Files
goplt/docs/content/stories/epic1/1.3-health-metrics-system.md

127 lines
3.8 KiB
Markdown

# Story 1.3: Health Monitoring and Metrics System
## Metadata
- **Story ID**: 1.3
- **Title**: Health Monitoring and Metrics System
- **Epic**: 1 - Core Kernel & Infrastructure
- **Status**: Pending
- **Priority**: High
- **Estimated Time**: 5-6 hours
- **Dependencies**: 1.1, 1.2
## Goal
Implement comprehensive health checks and Prometheus metrics for monitoring platform health and performance.
## Description
This story creates a complete health monitoring system with liveness and readiness probes, and a comprehensive Prometheus metrics system for tracking HTTP requests, database queries, and errors.
## Deliverables
### 1. Health Check System
- **HealthChecker Interface** (`pkg/health/health.go`):
- `HealthChecker` interface with `Check(ctx context.Context) error` method
- Health status types
- **Health Registry** (`internal/health/registry.go`):
- Thread-safe registry of health checkers
- Register multiple health checkers
- Aggregate health status
- `GET /healthz` endpoint (liveness probe)

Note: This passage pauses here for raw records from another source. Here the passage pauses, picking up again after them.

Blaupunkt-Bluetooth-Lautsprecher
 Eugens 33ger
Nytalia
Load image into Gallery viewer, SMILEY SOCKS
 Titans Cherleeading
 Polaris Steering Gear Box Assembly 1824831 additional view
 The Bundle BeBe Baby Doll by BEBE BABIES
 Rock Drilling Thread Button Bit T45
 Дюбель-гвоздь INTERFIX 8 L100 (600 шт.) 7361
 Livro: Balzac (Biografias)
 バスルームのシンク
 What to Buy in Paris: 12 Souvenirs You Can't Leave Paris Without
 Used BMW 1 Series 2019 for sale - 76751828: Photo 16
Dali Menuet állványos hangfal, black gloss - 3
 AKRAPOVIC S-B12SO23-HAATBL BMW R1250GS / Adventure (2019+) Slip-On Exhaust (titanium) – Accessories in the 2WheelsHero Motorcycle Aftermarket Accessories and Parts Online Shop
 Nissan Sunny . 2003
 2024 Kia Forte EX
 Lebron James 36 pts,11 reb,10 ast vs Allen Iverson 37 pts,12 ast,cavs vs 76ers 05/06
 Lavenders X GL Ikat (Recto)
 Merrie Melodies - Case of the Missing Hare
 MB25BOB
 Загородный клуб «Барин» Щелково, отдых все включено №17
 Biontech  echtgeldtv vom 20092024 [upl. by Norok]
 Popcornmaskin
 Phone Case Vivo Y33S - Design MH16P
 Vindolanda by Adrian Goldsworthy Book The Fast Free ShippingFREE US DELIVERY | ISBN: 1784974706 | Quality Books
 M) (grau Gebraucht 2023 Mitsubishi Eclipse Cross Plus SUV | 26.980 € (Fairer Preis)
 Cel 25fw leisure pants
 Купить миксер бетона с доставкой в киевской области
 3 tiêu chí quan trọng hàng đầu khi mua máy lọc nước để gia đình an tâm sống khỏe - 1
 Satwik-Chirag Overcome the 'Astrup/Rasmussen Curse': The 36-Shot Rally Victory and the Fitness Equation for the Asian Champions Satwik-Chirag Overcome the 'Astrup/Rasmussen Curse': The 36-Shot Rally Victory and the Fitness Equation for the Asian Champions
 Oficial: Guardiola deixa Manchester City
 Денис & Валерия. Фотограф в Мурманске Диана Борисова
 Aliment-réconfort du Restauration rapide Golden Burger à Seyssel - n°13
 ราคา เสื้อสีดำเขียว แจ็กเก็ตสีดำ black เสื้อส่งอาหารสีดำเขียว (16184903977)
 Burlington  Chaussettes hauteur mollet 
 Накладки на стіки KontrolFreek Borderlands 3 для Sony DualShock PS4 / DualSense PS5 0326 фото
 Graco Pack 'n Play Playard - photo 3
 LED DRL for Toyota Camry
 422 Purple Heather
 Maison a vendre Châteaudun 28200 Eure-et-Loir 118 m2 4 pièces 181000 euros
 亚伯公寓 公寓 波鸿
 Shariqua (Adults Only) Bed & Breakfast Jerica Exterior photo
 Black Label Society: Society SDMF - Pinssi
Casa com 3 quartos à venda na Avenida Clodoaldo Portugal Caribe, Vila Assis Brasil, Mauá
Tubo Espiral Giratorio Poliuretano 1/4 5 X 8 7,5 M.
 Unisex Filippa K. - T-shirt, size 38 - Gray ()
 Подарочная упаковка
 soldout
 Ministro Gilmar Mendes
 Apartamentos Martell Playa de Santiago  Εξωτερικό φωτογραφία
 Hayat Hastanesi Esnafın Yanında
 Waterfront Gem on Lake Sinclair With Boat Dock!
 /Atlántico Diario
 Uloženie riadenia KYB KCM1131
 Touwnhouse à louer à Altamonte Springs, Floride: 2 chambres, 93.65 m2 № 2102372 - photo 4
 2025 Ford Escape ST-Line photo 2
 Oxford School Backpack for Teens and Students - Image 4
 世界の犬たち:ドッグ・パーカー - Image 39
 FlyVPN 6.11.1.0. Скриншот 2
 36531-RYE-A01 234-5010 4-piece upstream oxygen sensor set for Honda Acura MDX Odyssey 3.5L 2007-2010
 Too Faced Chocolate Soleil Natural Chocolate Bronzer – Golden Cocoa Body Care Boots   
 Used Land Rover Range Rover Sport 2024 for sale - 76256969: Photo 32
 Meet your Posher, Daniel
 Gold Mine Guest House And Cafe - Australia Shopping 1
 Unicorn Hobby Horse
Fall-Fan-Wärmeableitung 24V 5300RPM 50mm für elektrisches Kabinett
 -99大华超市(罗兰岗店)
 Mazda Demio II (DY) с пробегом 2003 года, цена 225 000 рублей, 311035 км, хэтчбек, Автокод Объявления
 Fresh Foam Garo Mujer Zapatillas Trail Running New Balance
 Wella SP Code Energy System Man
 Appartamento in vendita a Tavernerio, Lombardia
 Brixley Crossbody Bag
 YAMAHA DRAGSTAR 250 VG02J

- `GET /ready` endpoint (readiness probe with database check)
- Individual component health checks
### 2. Prometheus Metrics System
- **Metrics Registry** (`internal/metrics/metrics.go`):
- Prometheus registry setup
- HTTP request duration histogram
- HTTP request counter (by method, path, status code)
- Database query duration histogram (via Ent interceptor)
- Error counter (by type)
- Custom metrics support
- **Metrics Endpoint**:
- `GET /metrics` endpoint (Prometheus format)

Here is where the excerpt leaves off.